土木学会第112代会長の佐々木葉氏は26日、埼玉県八潮市で発生した下水道に起因する道路陥没事故をうけ、土木学会会員へ向けたメッセージを発信した。「目に見えない地下構造物の損傷、およびネットワークとしてあるライフラインが機能を喪失する事故が及ぼす影響の大きさと回復の難しさを目の当たりにし、そのリスクはこれからもあり続けることを再認識しています。
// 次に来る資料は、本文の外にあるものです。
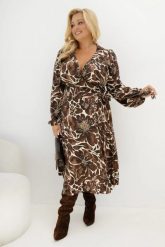 Kopertowa sukienka midi Hello Monica 100% wiskoza Plus Size na wesele w brązowe kwiaty Oversize. Brązowe sukienki damskie Moda Size Plus Iwanek, bez wzorów, z materiału, biznesowe, bez ramiączek. Za 349.90 zł.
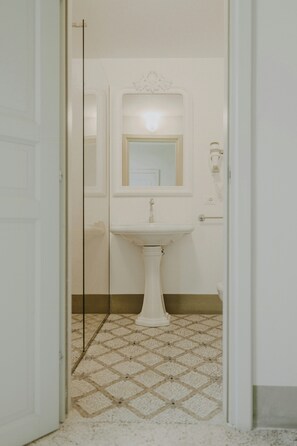 Shower - Flat from 17th century in a monastery in Nardò (Nardo')
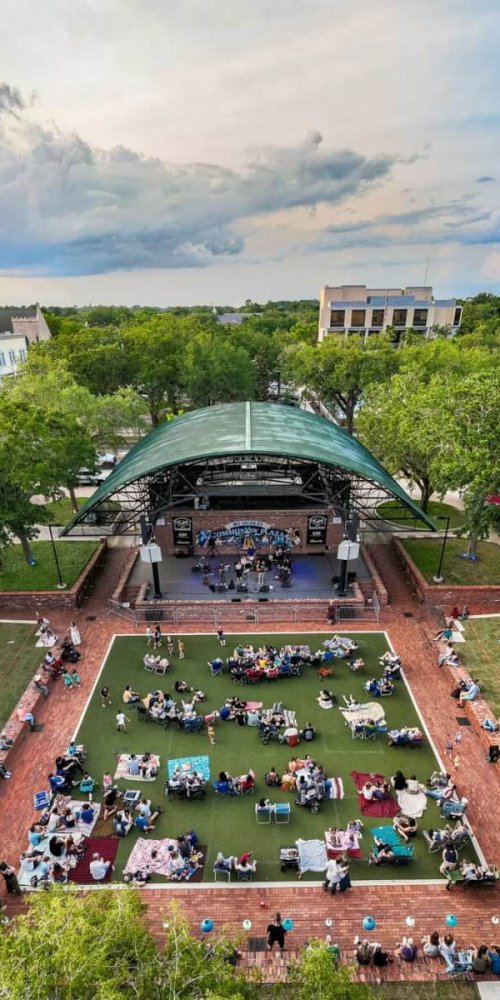 Scenic drive near Gainesville, FL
現在も続く事故への対応や構造物の健全性確保にとどまらず、より広い観点からの議論が必要」と警鐘を鳴らしている。
その上で「①道路というインフラの地下には複数のライフラインというインフラが存在していること②これら地下にあるライフラインはいずれも目に見えづらいが、私たちのごく身近にネットワークとして存在していること③上水道と下水道も地域の水循環の一部を担っていること④これらインフラの整備、利用、維持管理には費用がかかり、その負担の仕組みもわかりづらいこと⑤これまでの歴史のなかで作られてきた構築環境のなかで私たちは生きていること⑥幅広い「私たち」の理解と合意がなければ対策は進まないこと―などを視野に入れた上での課題解決の道を見出し、あわせて、インフラを使う私たちが、インフラとともにどう生きていくかを「自分ごと」として考える社会を目指す必要があるのではないでしょうか」と課題と対策法をあげた。
今後については「これだけのことを、一人で、一つの専門やセクターで考えることはできません。私たちの土木学会には、実に幅広い分野の土木技術者がいます。この力を活かし、土木学会は、あらゆる境界をひらき、これまで以上に、インフラメンテナンスとマネジメントのための広い意味での技術に取り組んでいきたいと考えます。そのための対話と議論の場をこれから準備していきます」と指針を示した。
加えて「身近なインフラとどう向き合うか、身近な人と話していただきたい。土木学会には、学会誌という膨大な知のストックがあります。提言や声明もあります。これらも活用しながら、直面する課題に一人ひとりが関心をもち、対話していくことが、社会を、未来をより良い方向に進めていく基礎体力を育むと信じています」と協力を求めている。